The next Federal/Provincial and Territorial Working group report for 2020-2021 will include looking at the development of even more data collection tools on impairment.
For these numbers to truly be useful, researchers will want many more years, and the continued development of better monitoring tools will help ensure more accurate information on the subject.
Some of the data so far:
Self-reported behaviour shows about 25% of users self-reporting driving within two hours of consuming cannabis at some point in the past.
Roadside surveys (voluntary drivers) conducted prior to legalization, in BC, Manitoba, Ontario, Yukon, and Northwest Territories showed 10.2% of drivers tested positive for drugs, compared to 4.4% for alcohol. Of those drivers, 7.6% were positive for cannabis (THC), with cannabis being more common in the 16-24 age range. Over half of the THC-positive drivers had a THC concentration of at least 25ng/ml, well over the 5 ng/ml limit laid out in federal legislation.
The most recent survey in BC was conducted in spring 2018 and used a similar methodology to previous surveys from 2008, 2010 and 2012, and to Ontario’s roadside surveys.
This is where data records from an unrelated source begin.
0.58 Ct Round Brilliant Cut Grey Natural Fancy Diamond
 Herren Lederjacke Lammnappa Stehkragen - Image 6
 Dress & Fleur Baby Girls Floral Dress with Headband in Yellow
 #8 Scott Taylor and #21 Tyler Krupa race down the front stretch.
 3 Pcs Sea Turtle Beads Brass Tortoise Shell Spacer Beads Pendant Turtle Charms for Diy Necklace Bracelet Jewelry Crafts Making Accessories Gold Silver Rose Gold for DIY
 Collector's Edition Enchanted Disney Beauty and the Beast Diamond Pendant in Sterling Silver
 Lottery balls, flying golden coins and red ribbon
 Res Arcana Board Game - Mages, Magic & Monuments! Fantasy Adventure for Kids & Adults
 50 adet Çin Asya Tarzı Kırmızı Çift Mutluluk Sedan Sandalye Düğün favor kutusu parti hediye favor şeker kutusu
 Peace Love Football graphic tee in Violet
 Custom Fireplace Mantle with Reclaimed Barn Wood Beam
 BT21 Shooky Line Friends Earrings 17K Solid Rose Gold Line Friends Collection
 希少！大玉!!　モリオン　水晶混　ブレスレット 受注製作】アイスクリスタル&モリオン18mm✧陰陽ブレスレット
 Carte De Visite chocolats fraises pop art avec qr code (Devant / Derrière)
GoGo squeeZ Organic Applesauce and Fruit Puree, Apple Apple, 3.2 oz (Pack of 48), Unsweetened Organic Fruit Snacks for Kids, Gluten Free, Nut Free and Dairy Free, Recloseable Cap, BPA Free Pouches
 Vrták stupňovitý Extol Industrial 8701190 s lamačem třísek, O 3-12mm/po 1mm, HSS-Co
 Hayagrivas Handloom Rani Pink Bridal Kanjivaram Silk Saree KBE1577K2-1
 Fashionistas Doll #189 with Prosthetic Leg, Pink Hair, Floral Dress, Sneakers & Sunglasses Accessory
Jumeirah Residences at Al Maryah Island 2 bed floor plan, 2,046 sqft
In the survey, a total of 2,510 vehicles in 5 different municipalities were randomly sampled at night time in May and June. Of the 1,878 who consented to the survey, 13.7% of drivers tested positive for alcohol, drugs, or both, and 4.9% tested positive for alcohol and 8.5% for drugs. Among drug-positive drivers, 70% also tested positive for alcohol. The report notes that comparisons with previous surveys show that the percentage of drivers testing positive for alcohol has reduced, while those who tested positive for cannabis increased.
Police reported incidents: Although overall impaired driving cases have been declining from a high in 2011, and alcohol-impaired driving remains by far the most commonly detected intoxicant, drug-impaired driving cases have been increasing. There were 1,455 drug-impaired driving incidents in 2009, the first full-year when drug-impaired driving incidents were reported on their own, representing 2% of all impaired driving incidents.
By 2015 the figure was 2,786, representing 4% of all impaired driving incidents, and in 2019 there were 6,453, or 8% of all impaired driving incidents. The amount of DRE’s available as well as police use of DRE’s has doubled since 2017.
Law enforcement and others have also expressed concerns with the accuracy of some of the testing equipment used to detect THC in roadside tests.
As this data collection continues, it will help with understanding the impacts of legalization on road safety and can help guide better legislation here in Canada, and for other jurisdictions looking at developing their own cannabis legislation.